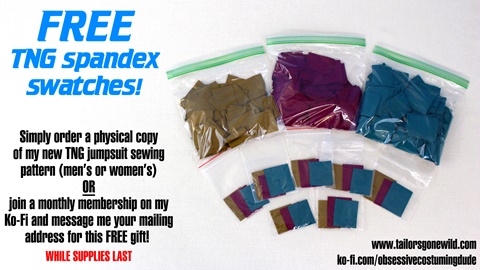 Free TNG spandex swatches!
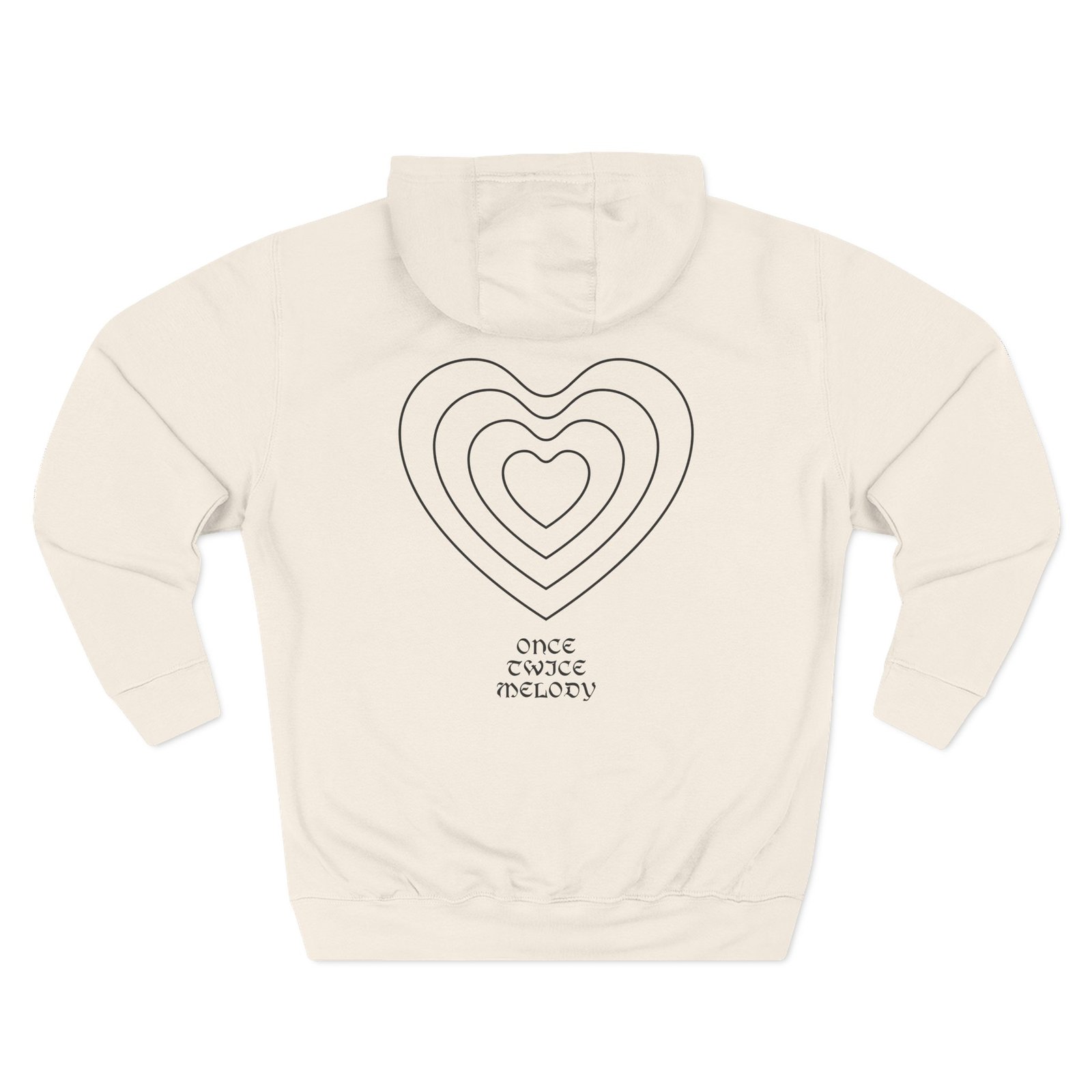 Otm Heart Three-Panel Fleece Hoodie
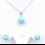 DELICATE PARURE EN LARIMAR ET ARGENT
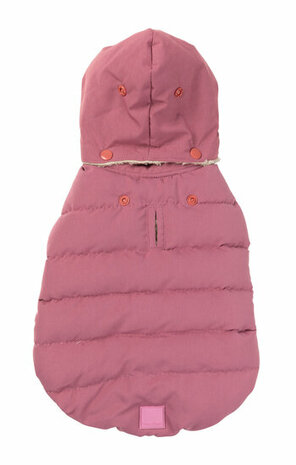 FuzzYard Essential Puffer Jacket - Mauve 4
___
*PROBLEM DESCRIPTION*: Apart from the pictures, the material above has to be repeated exactly.

*PROBLEM SOLUTION*:
 Free TNG spandex swatches!
 Otm Heart Three-Panel Fleece Hoodie
 DELICATE PARURE EN LARIMAR ET ARGENT
 FuzzYard Essential Puffer Jacket - Mauve 4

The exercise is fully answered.